Una specie di cieco furore pervade le polverose gote della notte, stasera, e le tue labbra non sono poi così familiari, ormai: il marmo ti ha conquistato, e ora il più buio degli angoli mi aspetta in silenzio, il "me" tremolante ed io completamente inanellato alla sconquassante perdita della speranza, ma nemmeno questo importa, perché il mondo ha cancellato tutto, la fine è andata perduta e il progresso ha spodestato la semplicità del Pensiero, soltanto le opinioni contano, ed ormai è nero ardore il mondo.

Deragliano i treni dell'irrazionalità e nel mare superficiale ch'è ormai il genere umano si hanno i naufragi della consapevolezza: siamo o no l'evoluzione per antonomasia?

Questo è il campo base sul quale opera l'Arte: l'arte di chi non vuole portarne il nome come bandiera di vanità e pregio, l'arte di chi non sa e nemmeno s'interessa, l'arte di una New York, oppure una Berlino degli '80, il Carro di Giove che è l'intuizione, che sgretola la skyline più famosa del mondo, trascina nel vortice più profondo e denso di melma ogni storia, ogni siringa, ogni attimo, ogni battito del cuore, tutto, e non si ferma, continua, s'impossessa degli occhi, quel vano girare dei solchi ti fa ascoltare con le orecchie, otturare dalla spensieratezza dell'estate dell'amore, ma è qui che s'impara a vivere, cullati dalla nenia immacolata che si materializza dolcemente dalle torbide acque mattutine, le torbide acque di un giorno che ormai è passato e sembra non averti lasciato niente: è qui che finalmente puoi innaffiare con i tuoi luridi sospiri i fiori del male, ed il castello che ti lasci dietro è un gusto al gelato assemblato male - vuoi ricominciare da capo, e la distruzione porta al battesimo finale, che questa tela non ti offre, e sei costretto a vagare per anni fino al dolce niente, la caramella amara che ti conosce e ti visita spesso.

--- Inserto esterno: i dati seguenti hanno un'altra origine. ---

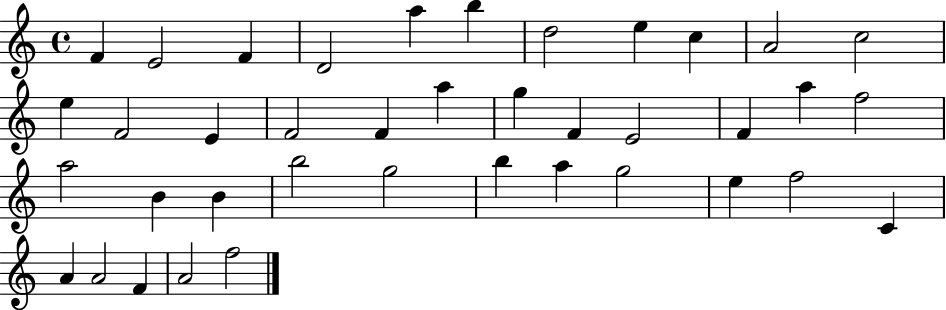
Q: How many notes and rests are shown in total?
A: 39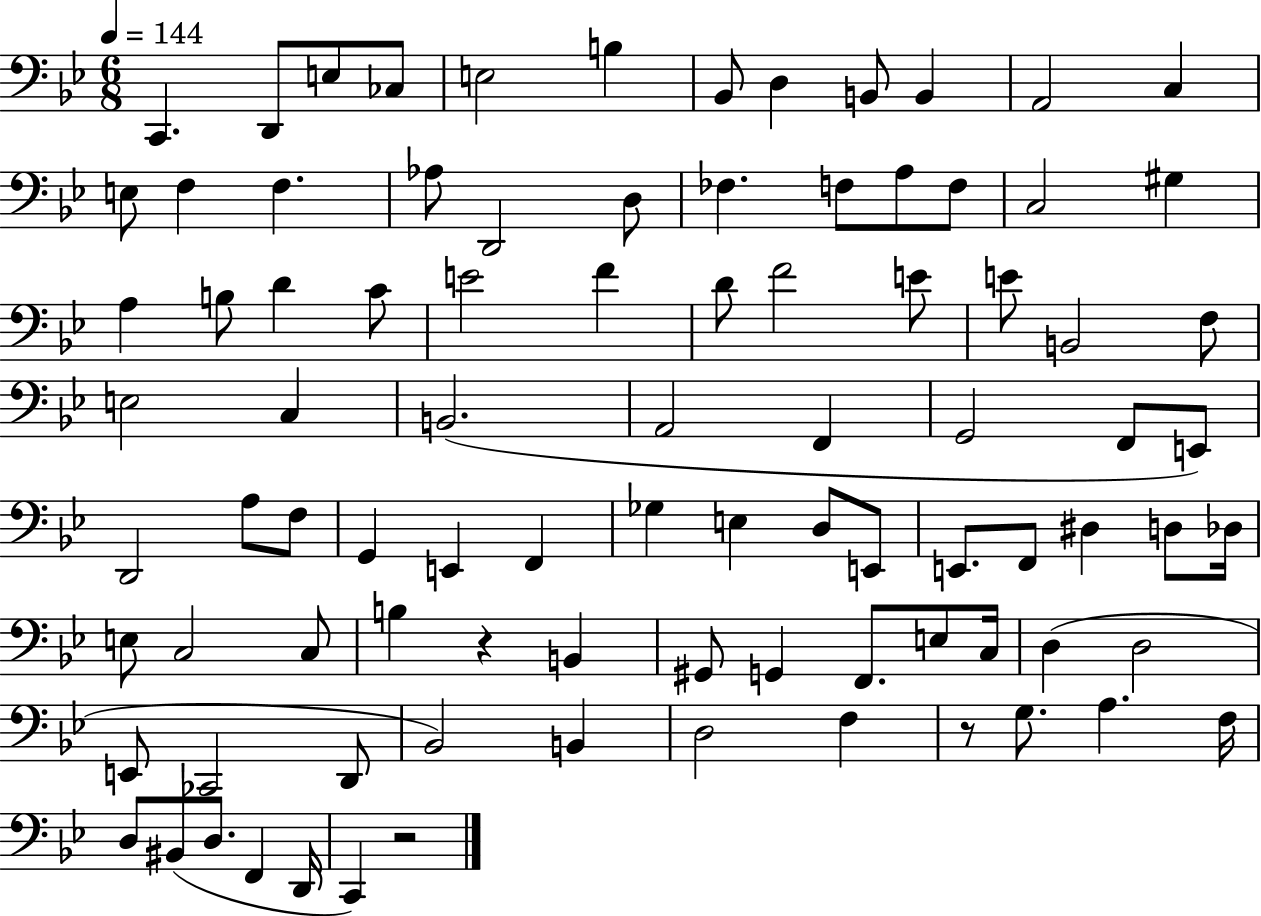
C2/q. D2/e E3/e CES3/e E3/h B3/q Bb2/e D3/q B2/e B2/q A2/h C3/q E3/e F3/q F3/q. Ab3/e D2/h D3/e FES3/q. F3/e A3/e F3/e C3/h G#3/q A3/q B3/e D4/q C4/e E4/h F4/q D4/e F4/h E4/e E4/e B2/h F3/e E3/h C3/q B2/h. A2/h F2/q G2/h F2/e E2/e D2/h A3/e F3/e G2/q E2/q F2/q Gb3/q E3/q D3/e E2/e E2/e. F2/e D#3/q D3/e Db3/s E3/e C3/h C3/e B3/q R/q B2/q G#2/e G2/q F2/e. E3/e C3/s D3/q D3/h E2/e CES2/h D2/e Bb2/h B2/q D3/h F3/q R/e G3/e. A3/q. F3/s D3/e BIS2/e D3/e. F2/q D2/s C2/q R/h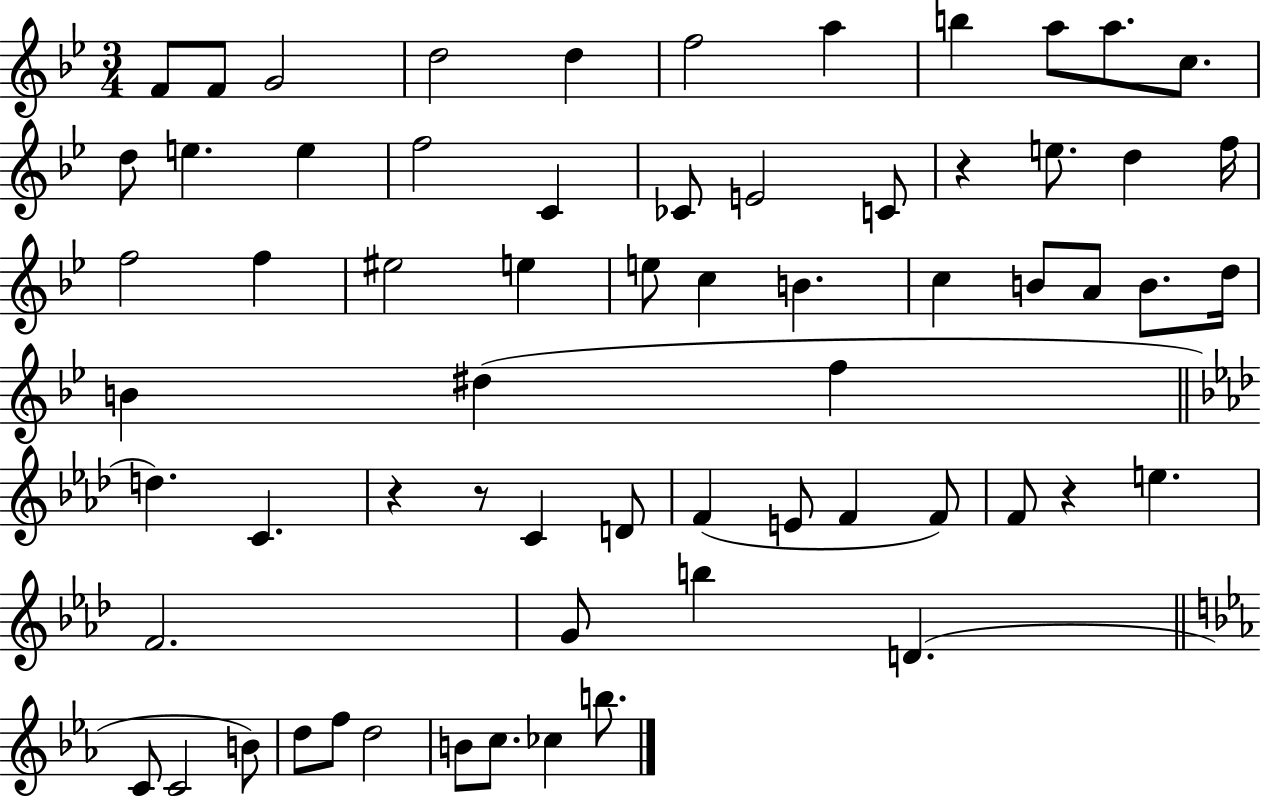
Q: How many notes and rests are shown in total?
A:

Ma tu non vuoi, non vuoi, e allora sparisci, alienato, e sono le sette e mezza di mattina ma sei ancora steso a pochi passi dal tuo letto, solo perché la forza ti mancava e hai dovuto chiudere gli occhi, ma tu non lo volevi, e allora hai nuovamente aperto le imposte che Dio ti ha imposto: e ti faceva un po' paura.

Ti aggrappi annaspando all'inferriata, perché tutto è fatto di metallo, e sospetti che dopo le vere esperienze, nessuno degli uomini può ancora illudersi e sorridere sincero.

Il progresso ha reso tutto in bianco e nero, e i colori sono timide bugie, che continuano a funzionare. Perché distruggere tutto?

Perché è necessario. Perché lei non mi ama. Perché non ci rivedremo. Perché io non l'amo, e se l'amassi, non si tratterebbe d'amore spirituale, ma di lacca, di pelle, qualcosa di plastico, che all'inizio mi avrebbe spaventato: mi hai fatto correre via, e odiavi i miei testi... mucchio d'ossa rivelato, la spocchia che ti ha fagocitato è ormai rimembranza plumbea.

Sono canzoni che creano un mondo e te lo distruggono sotto gli occhi, non è musica, non sono note, Lou Reed non esiste, John Cale nemmeno, Nico è l'incarnazione del contrasto spettrale e caramellato che ammanta di luce tutti i secoli di tutti gli uomini: il bello, ed il brutto, ma sono definizioni, che tolgono l'immensità cosmica alla materia trattata. E Warhol è mero spettatore, conscio di aver portato un gruppo alla realizzazione di un buco nero, che inghiotte, e inghiotte, e inghiottirà, fino a quando il mare si richiuderà sopra di noi.